At only 20 years old, Renata Flores was named one of the 100 most influential Latinas of 2021 by HOLA! magazine. The singer claims her identity, the Quechua language and Andean culture in a fusion between traditional and urban rhythms often referred to as “Trap” a subgenre of hip hop music
Her lyrics are messages of freedom and female empowerment. Her stage presence is imposing, full of colors and traditional Andean garments adapted to her modern style. Her sound mixes panpipes, violin, and trap bases.
Flores was in Denver April 26, 2023 as part of the Fabrica Artes of the Americas, part of the Biennial of the Americas taking place in Downtown Denver, 1250 Welton St. The old Emily Griffith Opportunity School and at the Colorado Convention Center through April 30th.
Her performance Wednesday was as dazzling and it was fascinating. It won’t be long till this talented young woman becomes an international superstar. She is just a taste of the quality of international talent from throughout the Americas the Biennial is bringing to Denver.
At 13, Renata Flores was participating in an “American Idol”-style show in Peru but it got canceled, so she posted her song on YouTube. It was a cover of “House of the Rising Sun” by the British band The Animals, translated into Quechua.
The video exploded. Eight years later, she’s a rapper and leader among a few Peruvian artists making music in the Indigenous language.
Flores lives in Ayacucho, which is a 12-hour drive southeast of Lima. In the 1980s, the city was the cradle of the Sendero Luminoso, or Shining Path, a communist guerrilla group.
“The songs will have a connection to what I feel and what I experienced and to Mother Earth,” Flores said. “The planet is a living being that provides us with food, but we haven’t treated her well.”
Since releasing her first album in March of 2021 Flores has grabbed national and international attention. She had a small movie role and collaborated with popular Peruvian singers like Eva Ayllón. She also scored a few corporate sponsorships, including with the telecommunications company Entel and the drink manufacturer Inka Cola.
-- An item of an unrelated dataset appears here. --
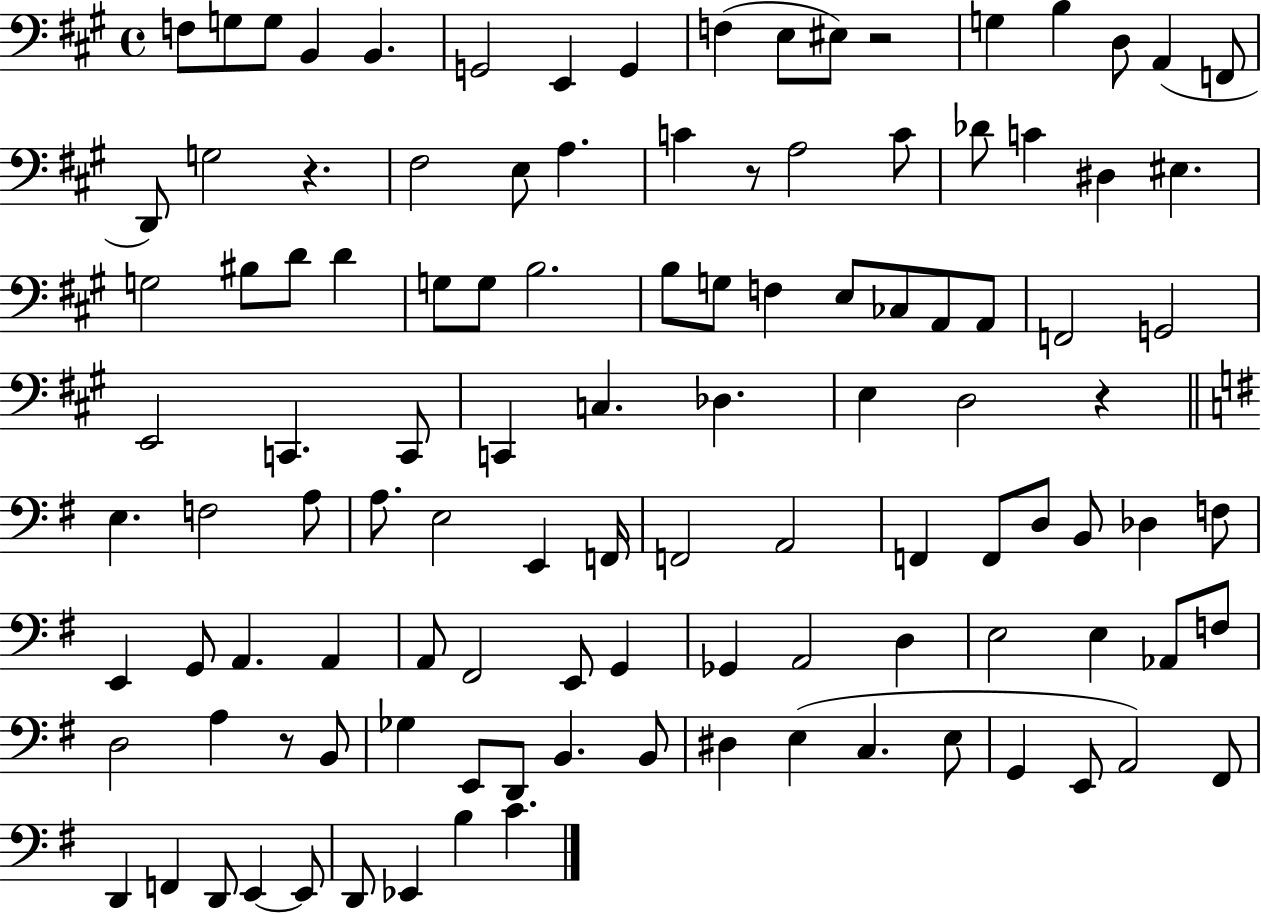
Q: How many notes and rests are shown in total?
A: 112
“It’s very difficult to find that mix from trap to hip-hop in Quechua and even more difficult for a woman to do it,” said Rosa Chávez Yacila, a journalist who covers gender issues and Indigenous populations for the website Ojo Publico in Peru.
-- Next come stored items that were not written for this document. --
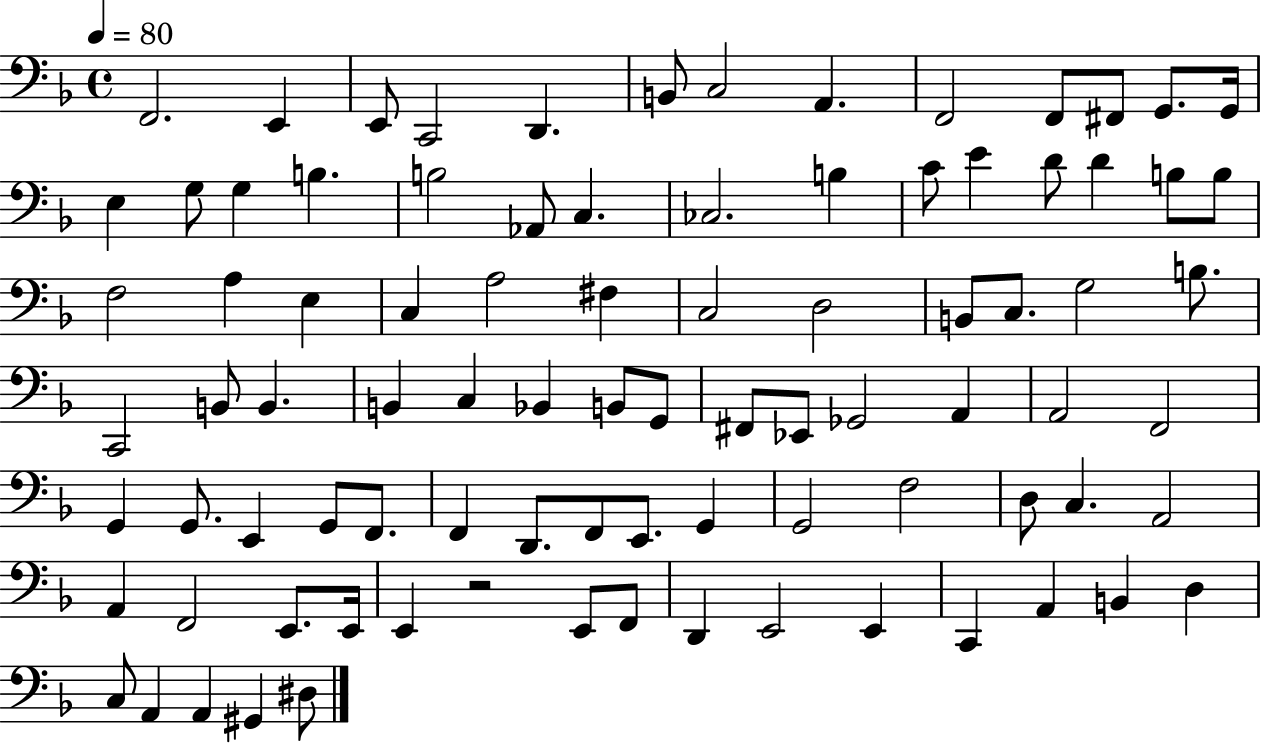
{
  \clef bass
  \time 4/4
  \defaultTimeSignature
  \key f \major
  \tempo 4 = 80
  \repeat volta 2 { f,2. e,4 | e,8 c,2 d,4. | b,8 c2 a,4. | f,2 f,8 fis,8 g,8. g,16 | \break e4 g8 g4 b4. | b2 aes,8 c4. | ces2. b4 | c'8 e'4 d'8 d'4 b8 b8 | \break f2 a4 e4 | c4 a2 fis4 | c2 d2 | b,8 c8. g2 b8. | \break c,2 b,8 b,4. | b,4 c4 bes,4 b,8 g,8 | fis,8 ees,8 ges,2 a,4 | a,2 f,2 | \break g,4 g,8. e,4 g,8 f,8. | f,4 d,8. f,8 e,8. g,4 | g,2 f2 | d8 c4. a,2 | \break a,4 f,2 e,8. e,16 | e,4 r2 e,8 f,8 | d,4 e,2 e,4 | c,4 a,4 b,4 d4 | \break c8 a,4 a,4 gis,4 dis8 | } \bar "|."
}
Quechua is the most-spoken Indigenous language in the Americas — about 10 million people use it. But it has long carried a stigma. He said that during Peru’s civil war, which began in 1980 and continued until 2000, 75% of those killed spoke an Indigenous language.
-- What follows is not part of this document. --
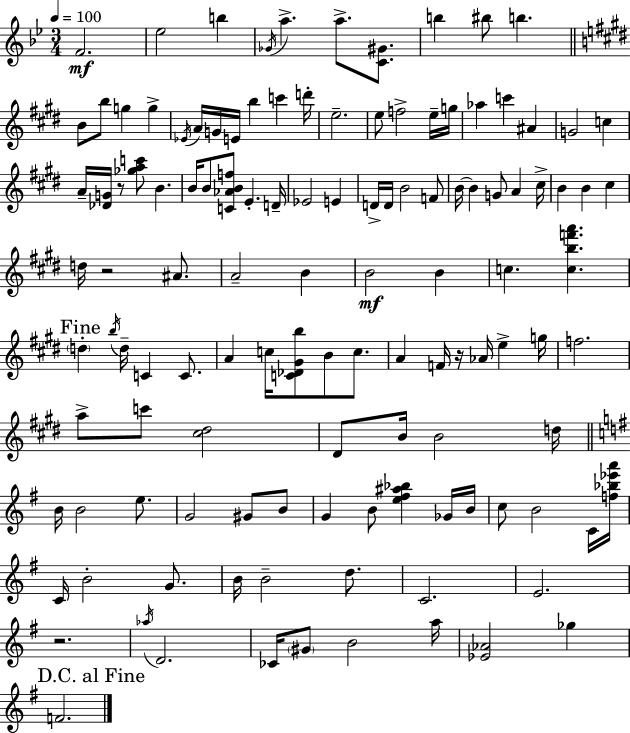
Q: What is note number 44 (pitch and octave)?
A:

“At some point in our history, speaking Quechua or an Indigenous language could lead people to die,”
Flores is part of a generation that didn’t grow up speaking Quechua and is trying to reconnect with the culture. In her music videos, she wears colorful, Indigenous clothing, often against the backdrop of traditional celebrations.
Flores’ path to music started with her parents, who used to play in a rock band. Her mother, Patricia Rivera Canchanya, runs a music school in Ayacucho.
The idea of singing in Quechua came from Rivera, who said she played a tape of a blues song in the Indigenous language for her daughter.
“She liked it, and I gave her the task to make a version with the piano because it was her main instrument,” Rivera said. “She sounded it out phonetically and sang it. It sounded beautiful.”
Other covers in Quechua followed, including Michael Jackson’s “The Way You Make Me Feel.” At 16,
Rivera says her daughter now carries a big responsibility by addressing her cultural heritage in her music.
By the time she was 14, Flores was investigating her ancestry and talking to her grandmothers.
“We used to speak to her in Spanish, we would only use Quechua when trying to hide something from her,” Rivera said, laughing.
Flores started studying Quechua and now takes classes three times a week.
The rapper has found a big following on social media — on YouTube, Instagram and TikTok. But she still doesn’t get radio play.
“I believe it’s because I sing in Quechua, they say people won’t understand it,” Flores said. “That’s one of the reasons I’m using more Spanish in the new album.”
She said that she wants people to understand her, to get the message. Flores is broadcasting to the world that she’s Quechuan and she’s proud.